1.2 L'information courante et l'information historique

L'information dont les acteurs des systèmes de commercialisation ont besoin est, en fait, de deux types. On considère ici en premier lieu l'utilisation de l'information pour son effet sur les prix: elle doit alors être la plus récente possible pour faciliter le marchandage et la compensation spatiale, c'est ce que l'on appelle l'information «courante» sur les marchés. On considère en second lieu l'utilisation de l'information pour la planification de la production, l'éventuel stockage des denrées, les décisions administratives et les SAR: elle doit donc consister en une masse de données recueillies au fil du temps, souvent sur plusieurs années, et on l'appelle alors, pour simplifier, l'information «historique».

1.3 Le rôle de l'information courante

L'accès à une information récente sur les prix et les quantités commercialisées a un rôle crucial quand on veut réduire les risques de perdre de l'argent dans des transactions. Plus les risques sont grands, plus les coûts de commercialisation ont tendance à s'enfler car il faut prévoir des marges qui puissent compenser les pertes éventuelles. Quand ils disposent d'une bonne information, certains agriculteurs peuvent, le cas échéant, décider de retarder l'envoi de leur production sur le marché juste au moment où le marché en regorge, en évitant ainsi d'en recevoir un prix qui ne couvrirait pas leurs coûts de récolte, de conditionnement et de transport.

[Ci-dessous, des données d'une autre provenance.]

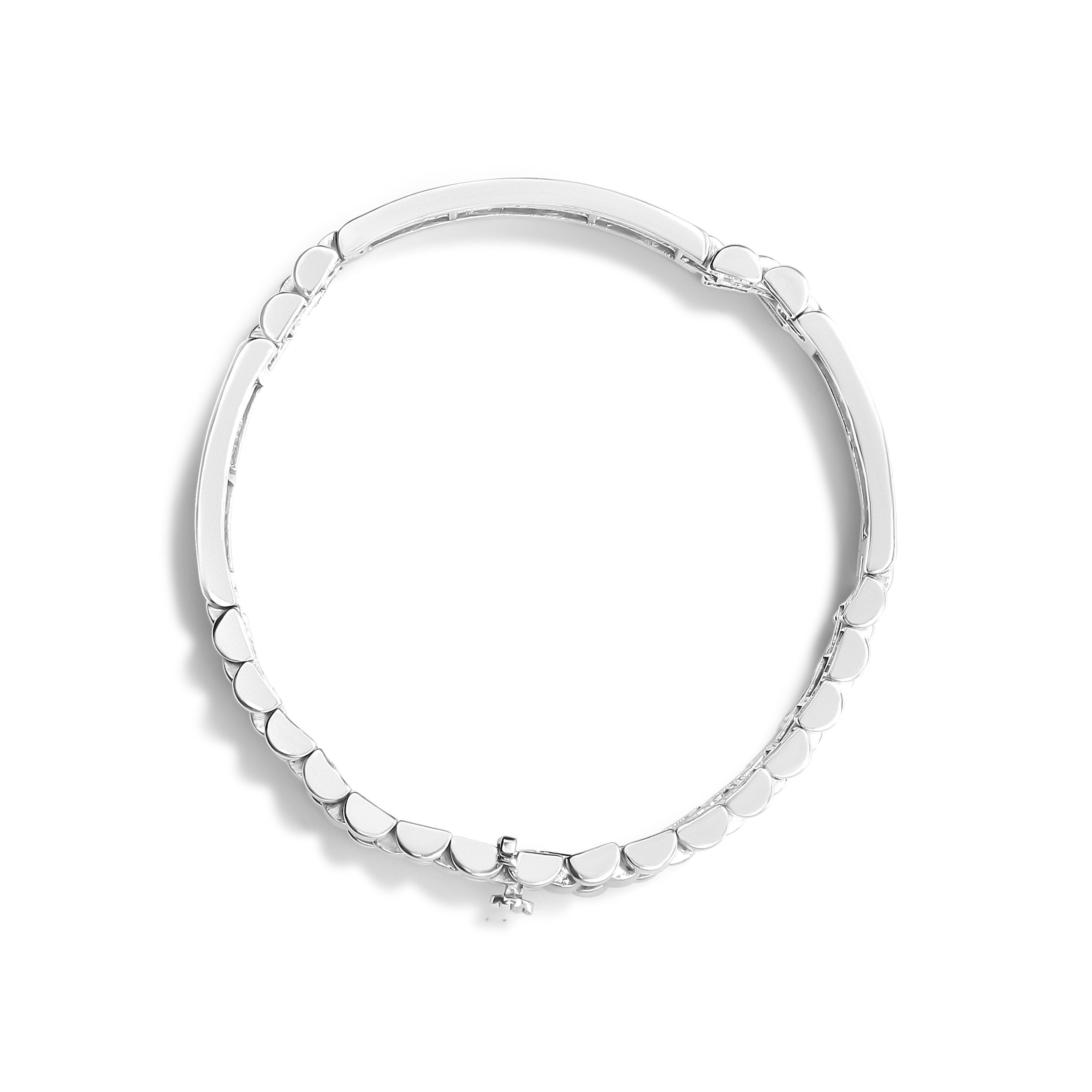 14K White Gold 12.0 Cttw Men&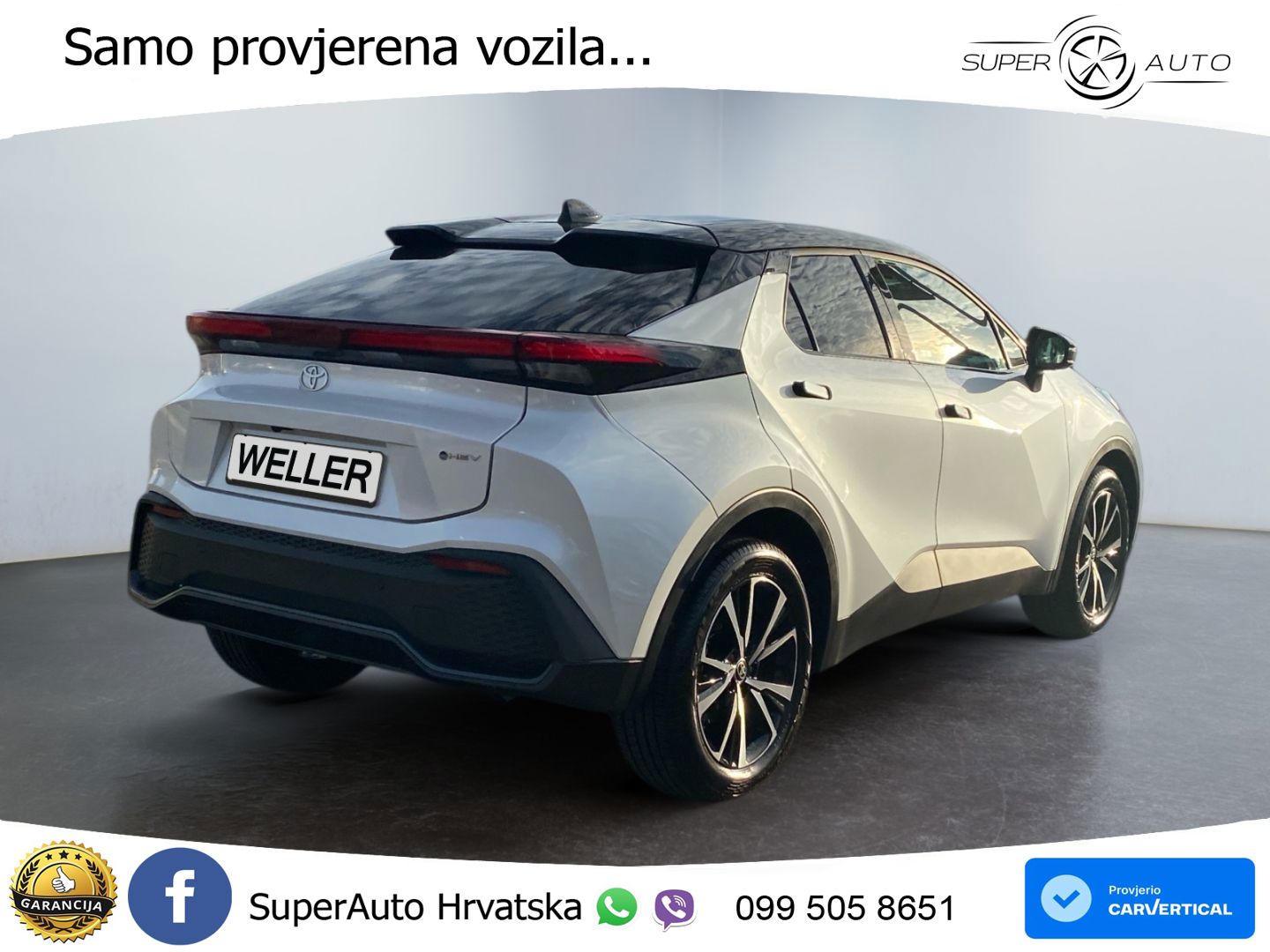 Toyota C-HR 2.0 (198 KS) Hybrid e-CVT Team D LED+GR SJED+ACC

Une information précise et récente devrait permettre de réduire les coûts de la commercialisation des denrées alimentaires. Il ne faut, toutefois, pas croire que l'information puisse être parfaite. Premièrement, les fluctuations des cours et des prix sont trop rapides pour que l'information disponible puisse permettre autre chose que de simples prévisions. Deuxièmement, les coûts que les intéressés doivent supporter pour améliorer leur information doivent être déduits des bénéfices supplémentaires qu'ils peuvent en tirer. Il peut également arriver qu'obtenir une information plus précise soit trop cher, même si elle existe. Les opérateurs de commercialisation auront donc toujours à prendre des décisions sur la base d'une information plus ou moins imparfaite.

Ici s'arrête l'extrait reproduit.